"This new tracking system will help law enforcement curb the purchase of the necessary precursor and assist in tracking people who are cooking this illegal and very dangerous drug," said Colonel Ron Replogle, superintendent of the Missouri State Highway Patrol. "The Patrol is committed to eradicating methamphetamine laboratories from Missouri, and we will work quickly and seamlessly with other law-enforcement agencies to implement this system."
The database will allow pharmacists and law enforcement to determine at the point of sale whether a buyer has gone from store to store buying large amounts of pseudoephedrine as a way to circumvent legal limits. The system also would send an alert to law enforcement about an attempted illegal purchase.
The system will allow people who legitimately need the cold medicine to purchase it, but will block sales to people trying to build an inventory to make methamphetamine.
In November, regional training classes will be held at eight sites around the state for law enforcement officers and pharmacy personnel to instruct them on how the system works. The first session will take place Nov. 1, and the final session will be on Nov. 12. Training will take place in Springfield, West Plains, Cape Girardeau, St. Charles, Jefferson City, Kirksville, St. Joseph and Independence. Web-based training also will be available. Locally, Cooper Drug and Thayer Drug have shown interest in joining the program.
Colonel Replogle said the Highway Patrol's Division of Drug and Crime Control field officers, including all officers assigned to regional drug task forces across Missouri, will receive training on the new database.
Starting next year, dozens of states will begin knitting together databases to watch prescription drug abuse, from powerful painkillers to diet pills.
With federal money and prodding, states are being asked to sign onto an agreement allowing police, pharmacies and physicians to check suspicious prescription pill patterns from Nevada to North Carolina.
Civil liberties and privacy advocates have objected to the state databases, which would be linked with technology and standards developed by the Justice and Homeland Security departments.
Thirty-four states currently operate databases to fight the drug problem authorities say is growing more deadly than heroin. They are: Alabama, Arizona, California, Colorado, Connecticut, Hawaii, Idaho, Illinois, Indiana, Iowa, Kentucky, Louisiana, Maine, Massachusetts, Michigan, Minnesota, Mississippi, Nevada, New Mexico, New York, North Carolina, North Dakota, Ohio, Oklahoma, Pennsylvania, Rhode Island, South Carolina, Tennessee, Texas, Utah, Vermont, Virginia, West Virginia and Wyoming.
Seven states (Alaska, Florida, Kansas, New Jersey, Oregon, South Dakota and Wisconsin) and one U.S. territory (Guam) have enacted legislation to establish a PDMP, but are not fully operational. Delaware has legislation pending to establish a PDMP and Washington State's PDMP was operational but has been suspended due to fiscal constraints.
Nationally, there were 27,658 overdose deaths from prescription medication in 2007 - more than heroin and cocaine combined, the Centers for Disease Control and Prevention reported in July. The threat is increasing as the most addictive pain relievers including OxyContin, which can produce a euphoric feeling, become more common, the Drug Enforcement Administration said.
Penney Cowan, founder of the American Chronic Pain Association, said she understands the need for monitoring potential abuse.
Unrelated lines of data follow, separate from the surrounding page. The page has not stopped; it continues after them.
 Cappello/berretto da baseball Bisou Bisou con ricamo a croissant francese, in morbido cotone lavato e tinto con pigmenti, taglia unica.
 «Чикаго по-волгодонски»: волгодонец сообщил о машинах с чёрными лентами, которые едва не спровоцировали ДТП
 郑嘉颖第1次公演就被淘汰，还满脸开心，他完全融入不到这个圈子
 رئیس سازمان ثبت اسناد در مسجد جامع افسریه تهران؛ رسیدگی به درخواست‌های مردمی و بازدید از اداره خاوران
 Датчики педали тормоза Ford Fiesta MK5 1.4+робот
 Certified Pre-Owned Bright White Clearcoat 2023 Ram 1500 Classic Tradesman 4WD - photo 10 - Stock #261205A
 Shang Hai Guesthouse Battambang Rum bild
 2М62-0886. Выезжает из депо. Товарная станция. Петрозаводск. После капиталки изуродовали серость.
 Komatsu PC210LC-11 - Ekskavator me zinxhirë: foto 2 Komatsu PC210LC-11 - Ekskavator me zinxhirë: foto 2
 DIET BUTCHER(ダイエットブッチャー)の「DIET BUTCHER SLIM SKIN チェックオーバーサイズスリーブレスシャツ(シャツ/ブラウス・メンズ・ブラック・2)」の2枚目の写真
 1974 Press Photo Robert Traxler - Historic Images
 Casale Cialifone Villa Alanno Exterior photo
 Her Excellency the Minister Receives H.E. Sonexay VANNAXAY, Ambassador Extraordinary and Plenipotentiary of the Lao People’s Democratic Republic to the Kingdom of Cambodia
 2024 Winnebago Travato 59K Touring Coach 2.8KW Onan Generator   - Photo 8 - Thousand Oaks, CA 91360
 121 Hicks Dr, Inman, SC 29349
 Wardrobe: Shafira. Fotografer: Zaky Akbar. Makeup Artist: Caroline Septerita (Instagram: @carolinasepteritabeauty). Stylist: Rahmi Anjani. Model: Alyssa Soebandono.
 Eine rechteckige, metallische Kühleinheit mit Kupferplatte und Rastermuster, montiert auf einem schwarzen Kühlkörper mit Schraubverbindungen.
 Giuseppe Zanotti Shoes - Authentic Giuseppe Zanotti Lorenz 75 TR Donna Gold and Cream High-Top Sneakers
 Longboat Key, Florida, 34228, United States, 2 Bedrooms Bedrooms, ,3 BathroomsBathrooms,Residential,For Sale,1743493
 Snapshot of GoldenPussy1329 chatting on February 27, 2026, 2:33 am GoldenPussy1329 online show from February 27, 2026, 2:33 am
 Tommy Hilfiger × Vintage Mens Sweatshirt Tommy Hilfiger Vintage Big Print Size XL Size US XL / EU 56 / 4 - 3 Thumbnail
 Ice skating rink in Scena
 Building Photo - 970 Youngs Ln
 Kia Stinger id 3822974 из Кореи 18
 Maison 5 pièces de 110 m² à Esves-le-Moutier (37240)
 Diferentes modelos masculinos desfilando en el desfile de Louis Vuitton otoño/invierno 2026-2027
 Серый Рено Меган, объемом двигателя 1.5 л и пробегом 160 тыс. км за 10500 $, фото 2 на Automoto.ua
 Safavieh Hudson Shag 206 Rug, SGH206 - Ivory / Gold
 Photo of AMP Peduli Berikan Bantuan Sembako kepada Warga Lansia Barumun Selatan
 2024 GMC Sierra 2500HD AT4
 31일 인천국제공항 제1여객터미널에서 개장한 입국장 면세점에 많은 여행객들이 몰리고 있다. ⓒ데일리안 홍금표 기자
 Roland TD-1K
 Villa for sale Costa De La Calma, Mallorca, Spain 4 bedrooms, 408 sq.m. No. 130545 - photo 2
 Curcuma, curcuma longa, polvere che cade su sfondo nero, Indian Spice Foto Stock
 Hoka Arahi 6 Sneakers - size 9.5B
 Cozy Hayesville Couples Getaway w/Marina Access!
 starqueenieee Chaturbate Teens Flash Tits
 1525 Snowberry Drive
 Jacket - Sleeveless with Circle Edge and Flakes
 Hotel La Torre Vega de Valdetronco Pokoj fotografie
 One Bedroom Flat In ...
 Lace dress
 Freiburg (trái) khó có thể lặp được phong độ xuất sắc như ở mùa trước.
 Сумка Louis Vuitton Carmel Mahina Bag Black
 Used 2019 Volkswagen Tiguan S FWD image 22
But she worries the databases will discourage people who legitimately need painkillers. Physicians already are spooked by the fear their legitimate prescribing may trigger interest from investigators, she said.
The databases alert physicians and pharmacies to patients who see several doctors to collect multiple prescriptions, letting them judge whether to refuse a potential abuser. Law officers say the databases allow them to document a pattern of abuse after investigations or informants point to a suspected pill dealer or dirty doctor.
A 2006 report conducted for the Justice Department said prescription drug databases cut the supply of painkillers and stimulants, reducing the probability of their abuse. The rate of painkiller abuse would have been 10 percent higher by 2003 without the databases, the report said.
The Prescription Monitoring Program Information Exchange would swap information through a central hub at Ohio's Board of Pharmacy. State databases were checked more than two million times in 2008, the Justice Department said. The databases flagged prescription activity on nearly 500,000 more potential abusers.
A proposed interstate compact will be unveiled in time for legislatures to consider it when they assemble next year, said John Mountjoy, policy and research director of the Council of State Governments, a national nonprofit based in Lexington, Ky.
The contract would preserve state-by-state differences that include control of the databases by law enforcement agencies in Texas and California, health departments in North Carolina and Alabama and pharmacy boards in more than a dozen states.
Doctors are encouraged to check the databases, but in 19 states the law says they aren't required to do so, according to the National Alliance for Model State Drug Laws.
There are also differing limits on law officers' access. Some states require investigators to get a warrant or court order, while others just require an active investigation on a suspect.